Hamas Siyasi Büro Başkanı İsmail Heniyye, işgalci İsrail’in Filistin toprakları üzerindeki planlarıyla geleceğini güvence altına alamayacağını söyledi.
Katar’dan video konferans yoluyla, geçen ay hayatını kaybeden Hamas Siyasi Büro Üyesi ve eski Sosyal Güvenlik Bakanı Ahmed el-Kurd’un ailesini arayan Heniyye, merhumu rahmetle yad etti.
Heniyye, İsrail’in ilhak planı, ABD’nin “Yüzyılın Anlaşması” adını verdiği sözde Orta Doğu barış planı, yerlerinden edilen Filistinli mültecilerin geri dönüş hakkından vazgeçilmesi, 1948’den beri işgal altındaki topraklarda Yahudileştirme çabaları ve Gazze ablukasının, Filistin toprakları üzerindeki işgalci İsrail’in geleceğini güvence altına alamayacağını vurguladı.
Heniyye, “Kudüs’ümüze ve Mescid-i Aksa’mıza geri döneceğiz. Kudüs ve Mescid-i Aksa’yı işgalci İsrail’in postallarından kurtaracağız. İşgalcileri, Kudüs ve tüm Filistin topraklarından kovacağız.” ifadelerine yer verdi.
Bu arada bugün İşgal altındaki Kudüs’te oturan binlerce Müslüman, sabah namazını Mescidi Aksa’da eda etti. El-Halil’de ise işgal güçleri, Hz. İbrahim Camii’nin girişlerini kapatarak sabah namazını eda etmeye gelen vatandaşları engelledi.

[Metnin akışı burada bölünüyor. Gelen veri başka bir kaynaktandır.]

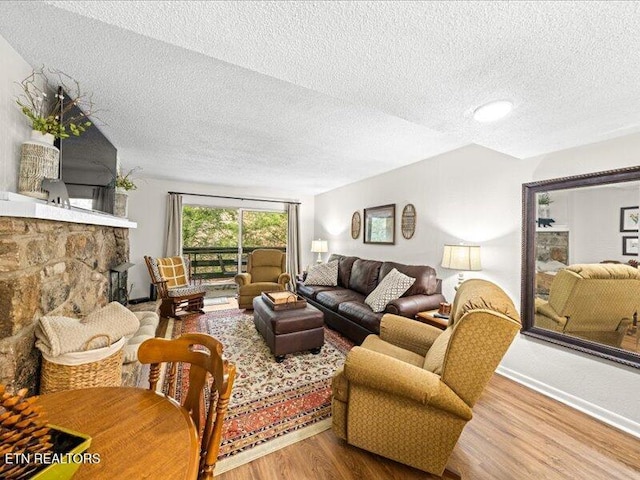 living area with a textured ceiling, wood finished floors, and a stone fireplace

Korona salgını nedeniyle 2 aydan uzun bir süre kapalı kapan Mescidi Aksa’nın avlusu, aileleriyle sabah namazını kılmak için gelen Filistinli vatandaşlarla doldu.

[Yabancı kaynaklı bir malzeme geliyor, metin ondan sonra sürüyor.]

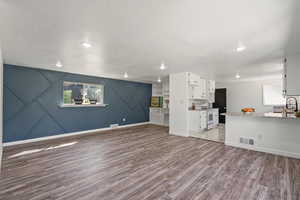 Unfurnished living room featuring baseboards, a textured ceiling, a sink, light wood-style floors, and visible vents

Dün Kudüslü aktivistler tarafından, işgalci İsrail’in kirli planlarına karşı Müslümanlara sabah namazı ve Cuma namazı için Mescidi Aksa’da toplanma çağrıları yapılmıştı.

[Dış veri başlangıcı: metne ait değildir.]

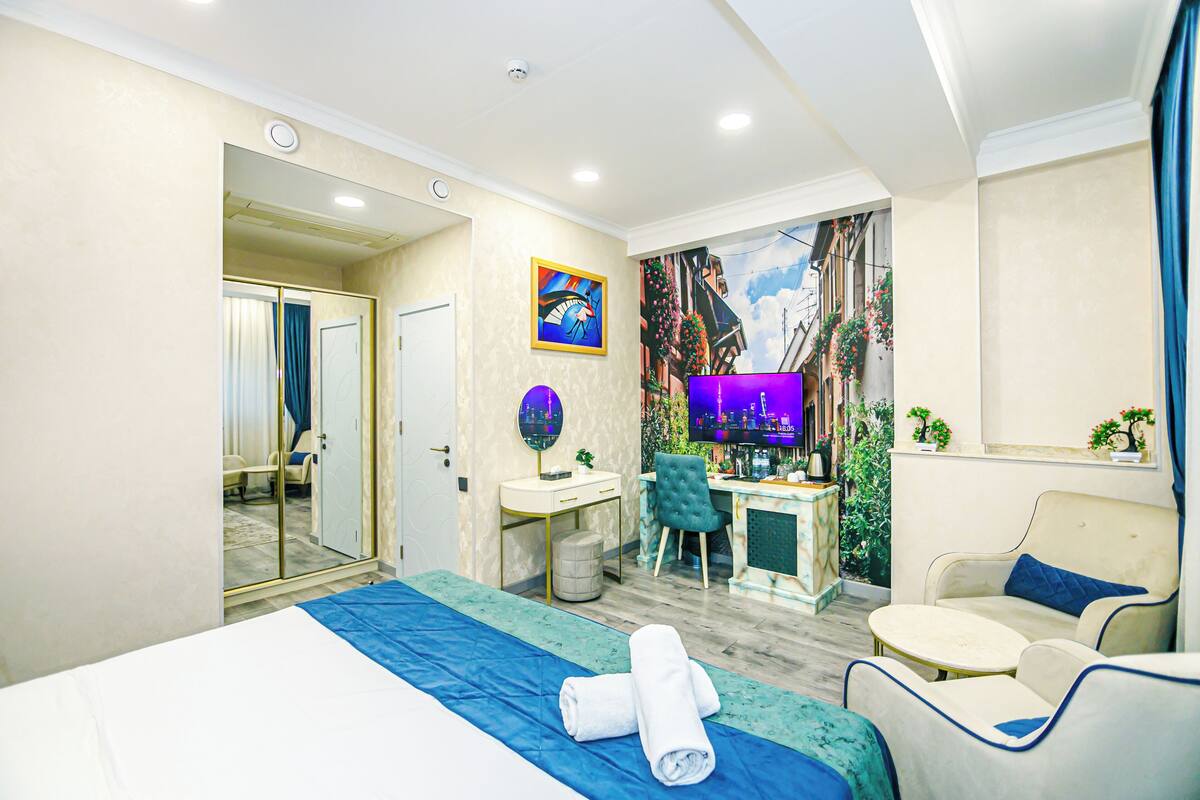A hotel room with a bed, a desk, a chair, a TV, and a sofa.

Diğer yandan işgal güçleri, el-Halil şehrinde yer alan Hz. İbrahim Camii’ne sabah namazını kılmak için gelen Filistinli vatandaşların Camiye girmelerini engelledi.
Irkçı rejim İsrail Başsavcısı Avichai Mandelblit, el-Halil’deki Harem-i İbrahim’e ait vakıf arazilerine, “geliştirme ve genişletme projesi” gerekçesiyle “Yahudileştirme” ve “Yahudi yerleşim birimi inşa” planı çerçevesinde el koyma kararını onaylamıştı.
ABD Başkanı Donald Trump’ın, ırkçı İsrail Başbakanı Binyamin Netanyahu ile 28 Ocak’ta Beyaz Saray’da düzenlediği basın toplantısında açıkladığı sözde Orta Doğu barış planında, Batı Şeria’daki yasa dışı Yahudi yerleşim yerlerinin “İsrail’in toprağı” olarak kabul edilmesi ve Tel Aviv yönetiminin Filistin’e ait Ürdün Vadisi üzerindeki hakimiyetini sürdürmesi maddeleri yer alıyordu.
ABD ve İsrailli yetkililerden oluşan ortak komisyon, sözde barış planının ardından söz konusu bölgelerin “ilhakı” için Batı Şeria’da haritalandırma sürecine başlamıştı.